(Beginning of The data)

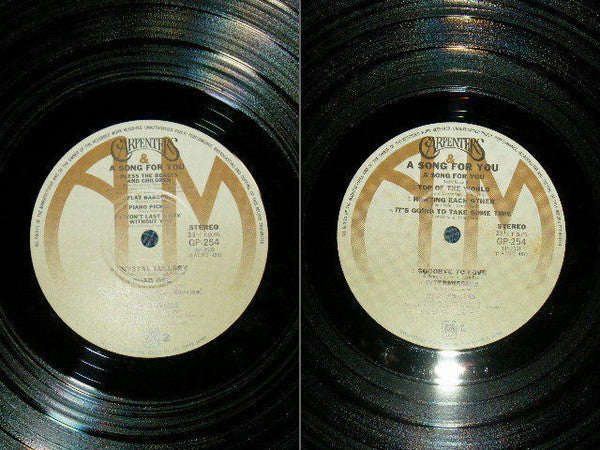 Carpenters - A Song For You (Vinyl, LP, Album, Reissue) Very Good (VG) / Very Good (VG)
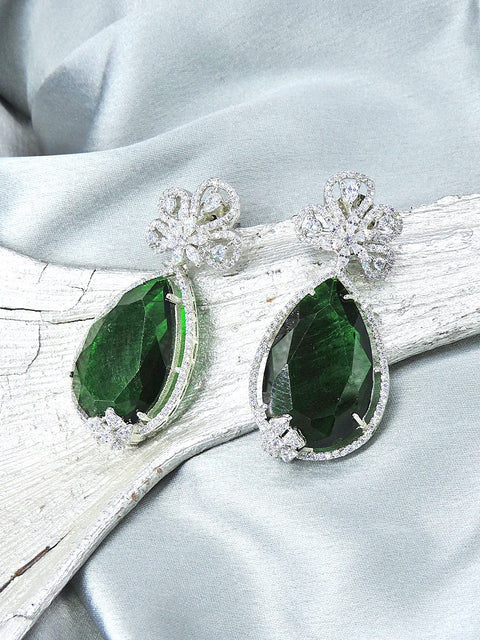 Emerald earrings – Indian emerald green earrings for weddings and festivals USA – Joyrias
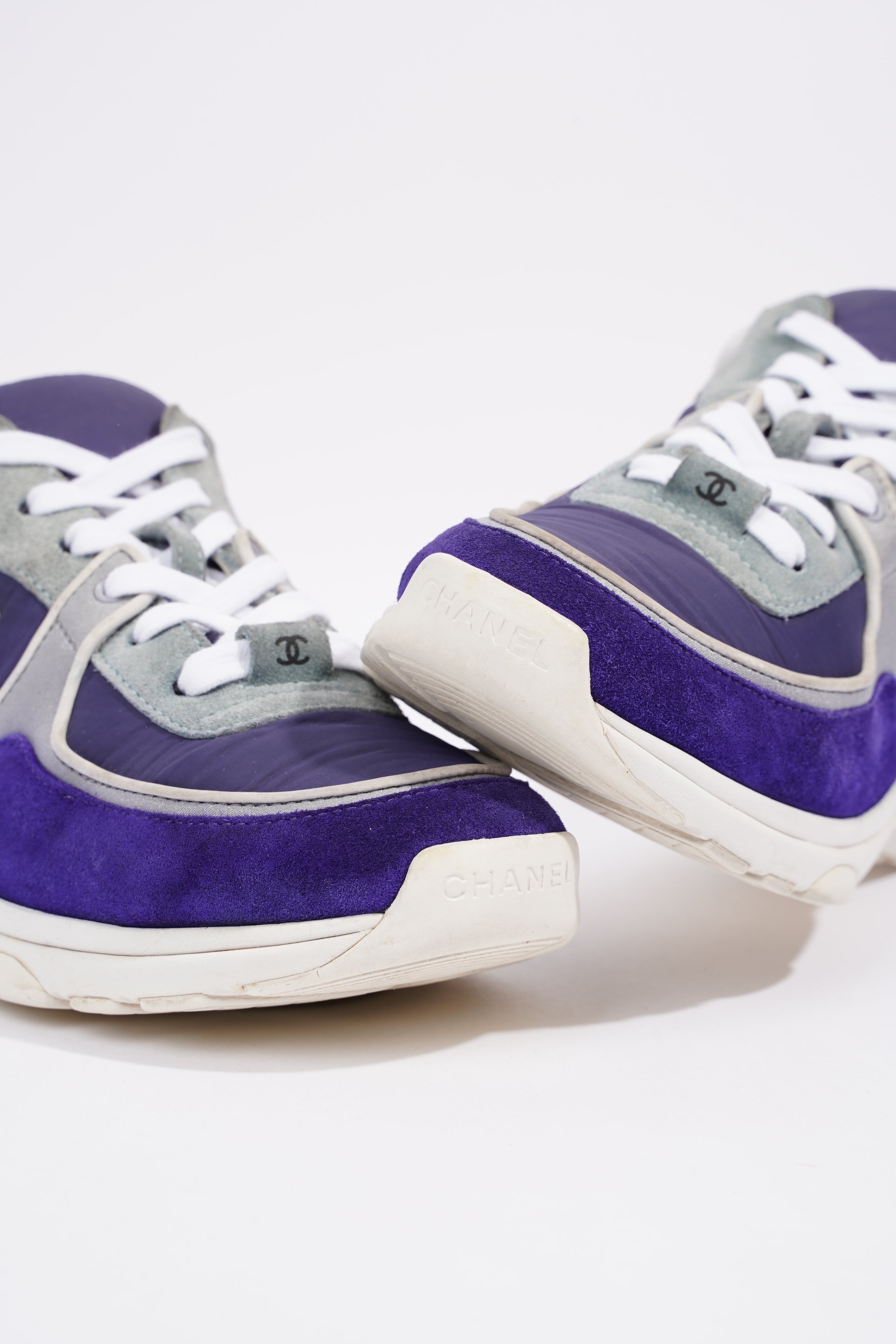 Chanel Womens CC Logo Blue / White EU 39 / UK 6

(End of The data)

Assignment: Leave out the pictures, and retype exactly the lines from the one containing "Emerald earrings –" through the final line of the data.

Result for this exercise:
 Emerald earrings – Indian emerald green earrings for weddings and festivals USA – Joyrias
 Chanel Womens CC Logo Blue / White EU 39 / UK 6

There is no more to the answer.